## TASK DETAILS
Repeat the data exactly, please.
===============
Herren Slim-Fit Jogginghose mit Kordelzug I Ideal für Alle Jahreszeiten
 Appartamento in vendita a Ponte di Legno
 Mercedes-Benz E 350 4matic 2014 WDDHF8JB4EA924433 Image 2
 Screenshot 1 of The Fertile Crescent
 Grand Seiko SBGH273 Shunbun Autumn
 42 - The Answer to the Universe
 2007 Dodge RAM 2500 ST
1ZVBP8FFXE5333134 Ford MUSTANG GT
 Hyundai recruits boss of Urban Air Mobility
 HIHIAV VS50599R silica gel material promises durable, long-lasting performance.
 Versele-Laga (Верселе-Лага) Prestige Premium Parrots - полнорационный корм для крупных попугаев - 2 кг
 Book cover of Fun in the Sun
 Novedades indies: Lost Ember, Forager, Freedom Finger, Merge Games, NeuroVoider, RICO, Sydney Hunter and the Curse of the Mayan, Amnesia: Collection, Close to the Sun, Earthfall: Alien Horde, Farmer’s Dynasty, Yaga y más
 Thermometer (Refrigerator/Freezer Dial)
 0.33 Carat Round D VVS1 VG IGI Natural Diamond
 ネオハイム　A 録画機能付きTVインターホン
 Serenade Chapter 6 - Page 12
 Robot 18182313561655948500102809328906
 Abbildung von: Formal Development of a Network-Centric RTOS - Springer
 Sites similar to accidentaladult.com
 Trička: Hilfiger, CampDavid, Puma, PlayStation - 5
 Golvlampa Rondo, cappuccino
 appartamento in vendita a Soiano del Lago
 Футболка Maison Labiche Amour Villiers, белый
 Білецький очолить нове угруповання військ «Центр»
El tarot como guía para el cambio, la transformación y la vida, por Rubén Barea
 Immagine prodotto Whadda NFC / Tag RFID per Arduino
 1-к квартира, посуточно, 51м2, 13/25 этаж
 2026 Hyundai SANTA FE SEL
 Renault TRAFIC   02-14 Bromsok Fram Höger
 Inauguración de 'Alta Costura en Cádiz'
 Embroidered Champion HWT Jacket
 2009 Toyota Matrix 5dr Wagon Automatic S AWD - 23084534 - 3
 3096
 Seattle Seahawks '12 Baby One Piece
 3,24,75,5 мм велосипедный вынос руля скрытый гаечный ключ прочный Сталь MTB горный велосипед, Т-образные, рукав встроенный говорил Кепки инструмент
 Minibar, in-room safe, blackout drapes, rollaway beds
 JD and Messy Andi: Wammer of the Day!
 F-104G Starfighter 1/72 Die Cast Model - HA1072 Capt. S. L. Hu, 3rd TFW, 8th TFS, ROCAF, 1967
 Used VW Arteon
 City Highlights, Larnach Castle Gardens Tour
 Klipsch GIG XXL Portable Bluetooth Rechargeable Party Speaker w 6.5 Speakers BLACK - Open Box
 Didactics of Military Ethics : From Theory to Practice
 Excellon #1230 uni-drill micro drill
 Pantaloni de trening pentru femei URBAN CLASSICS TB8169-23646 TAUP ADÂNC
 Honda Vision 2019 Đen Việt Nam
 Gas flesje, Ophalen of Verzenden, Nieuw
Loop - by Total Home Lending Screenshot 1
===============
## ANSWER
Herren Slim-Fit Jogginghose mit Kordelzug I Ideal für Alle Jahreszeiten
 Appartamento in vendita a Ponte di Legno
 Mercedes-Benz E 350 4matic 2014 WDDHF8JB4EA924433 Image 2
 Screenshot 1 of The Fertile Crescent
 Grand Seiko SBGH273 Shunbun Autumn
 42 - The Answer to the Universe
 2007 Dodge RAM 2500 ST
1ZVBP8FFXE5333134 Ford MUSTANG GT
 Hyundai recruits boss of Urban Air Mobility
 HIHIAV VS50599R silica gel material promises durable, long-lasting performance.
 Versele-Laga (Верселе-Лага) Prestige Premium Parrots - полнорационный корм для крупных попугаев - 2 кг
 Book cover of Fun in the Sun
 Novedades indies: Lost Ember, Forager, Freedom Finger, Merge Games, NeuroVoider, RICO, Sydney Hunter and the Curse of the Mayan, Amnesia: Collection, Close to the Sun, Earthfall: Alien Horde, Farmer’s Dynasty, Yaga y más
 Thermometer (Refrigerator/Freezer Dial)
 0.33 Carat Round D VVS1 VG IGI Natural Diamond
 ネオハイム　A 録画機能付きTVインターホン
 Serenade Chapter 6 - Page 12
 Robot 18182313561655948500102809328906
 Abbildung von: Formal Development of a Network-Centric RTOS - Springer
 Sites similar to accidentaladult.com
 Trička: Hilfiger, CampDavid, Puma, PlayStation - 5
 Golvlampa Rondo, cappuccino
 appartamento in vendita a Soiano del Lago
 Футболка Maison Labiche Amour Villiers, белый
 Білецький очолить нове угруповання військ «Центр»
El tarot como guía para el cambio, la transformación y la vida, por Rubén Barea
 Immagine prodotto Whadda NFC / Tag RFID per Arduino
 1-к квартира, посуточно, 51м2, 13/25 этаж
 2026 Hyundai SANTA FE SEL
 Renault TRAFIC   02-14 Bromsok Fram Höger
 Inauguración de 'Alta Costura en Cádiz'
 Embroidered Champion HWT Jacket
 2009 Toyota Matrix 5dr Wagon Automatic S AWD - 23084534 - 3
 3096
 Seattle Seahawks '12 Baby One Piece
 3,24,75,5 мм велосипедный вынос руля скрытый гаечный ключ прочный Сталь MTB горный велосипед, Т-образные, рукав встроенный говорил Кепки инструмент
 Minibar, in-room safe, blackout drapes, rollaway beds
 JD and Messy Andi: Wammer of the Day!
 F-104G Starfighter 1/72 Die Cast Model - HA1072 Capt. S. L. Hu, 3rd TFW, 8th TFS, ROCAF, 1967
 Used VW Arteon
 City Highlights, Larnach Castle Gardens Tour
 Klipsch GIG XXL Portable Bluetooth Rechargeable Party Speaker w 6.5 Speakers BLACK - Open Box
 Didactics of Military Ethics : From Theory to Practice
 Excellon #1230 uni-drill micro drill
 Pantaloni de trening pentru femei URBAN CLASSICS TB8169-23646 TAUP ADÂNC
 Honda Vision 2019 Đen Việt Nam
 Gas flesje, Ophalen of Verzenden, Nieuw
Loop - by Total Home Lending Screenshot 1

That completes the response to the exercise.